> _WHAT YOU ARE ASKED TO DO_:
Omit the pictures. Print each entry below exactly.

Captioned web image data
-- Opening Marker --
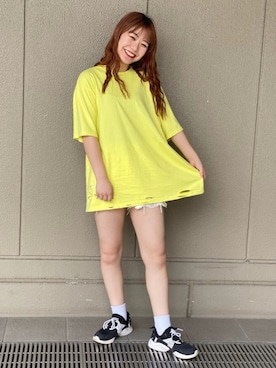 PUNYUS  さん（レディース・160cm）の夏コーディネート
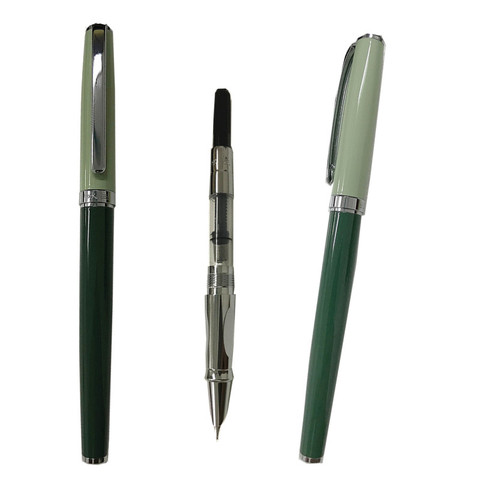 Nouvelle annonce luxe qualité Wing Sung mode diverses couleurs étudiant bureau stylo plume école papeterie fournitures encre stylos ► Photo 1/5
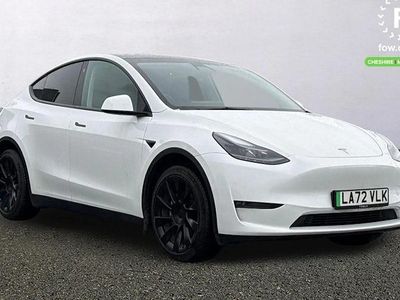 Used Tesla Model Y Long Range AWD 286 kW (389 HP) 2025 SUV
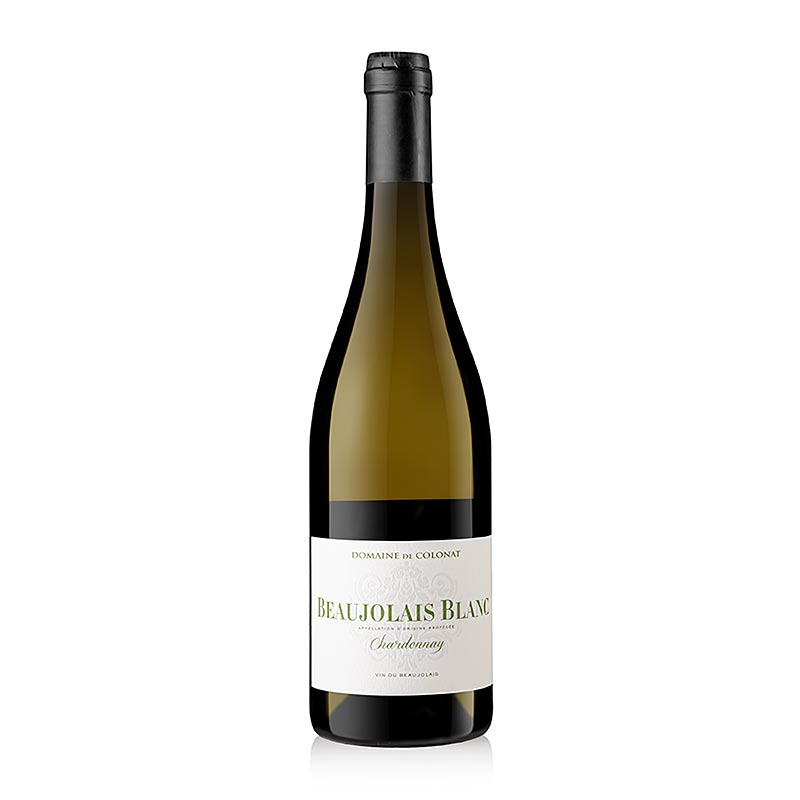 2023 Beaujolais blanc Chardonnay, kering, 12,5% vol., Domaine de Colonat - 750 ml - Botol 2023 Beaujolais blanc Chardonnay, kering, 12,5% vol., Domaine de Colonat - 750 ml - Botol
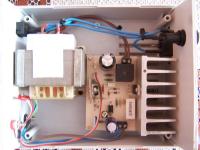 Ładowarka na LM350 - przegrzewanie i wysokie napięcie przy ładowaniu 12V/7Ah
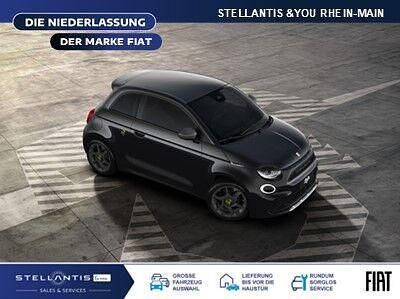 Neu Abarth 500e 114 kW (155 PS) 2025 Schwarz Kleinwagen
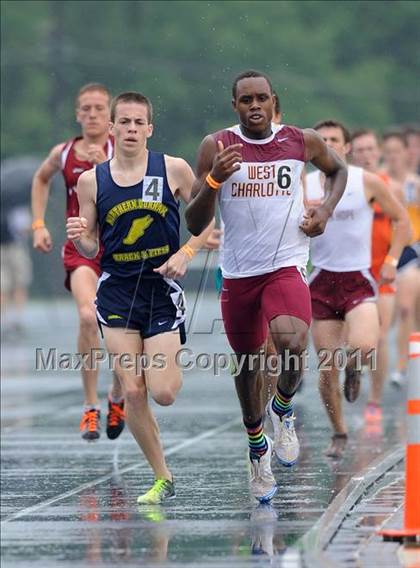 Thumbnail 2 in NCHSAA 4A Track & Field Championships photogallery.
-- Closing Marker --
> _ANSWER SECTION_:
 PUNYUS  さん（レディース・160cm）の夏コーディネート
 Nouvelle annonce luxe qualité Wing Sung mode diverses couleurs étudiant bureau stylo plume école papeterie fournitures encre stylos ► Photo 1/5
 Used Tesla Model Y Long Range AWD 286 kW (389 HP) 2025 SUV
 2023 Beaujolais blanc Chardonnay, kering, 12,5% vol., Domaine de Colonat - 750 ml - Botol 2023 Beaujolais blanc Chardonnay, kering, 12,5% vol., Domaine de Colonat - 750 ml - Botol
 Ładowarka na LM350 - przegrzewanie i wysokie napięcie przy ładowaniu 12V/7Ah
 Neu Abarth 500e 114 kW (155 PS) 2025 Schwarz Kleinwagen
 Thumbnail 2 in NCHSAA 4A Track & Field Championships photogallery.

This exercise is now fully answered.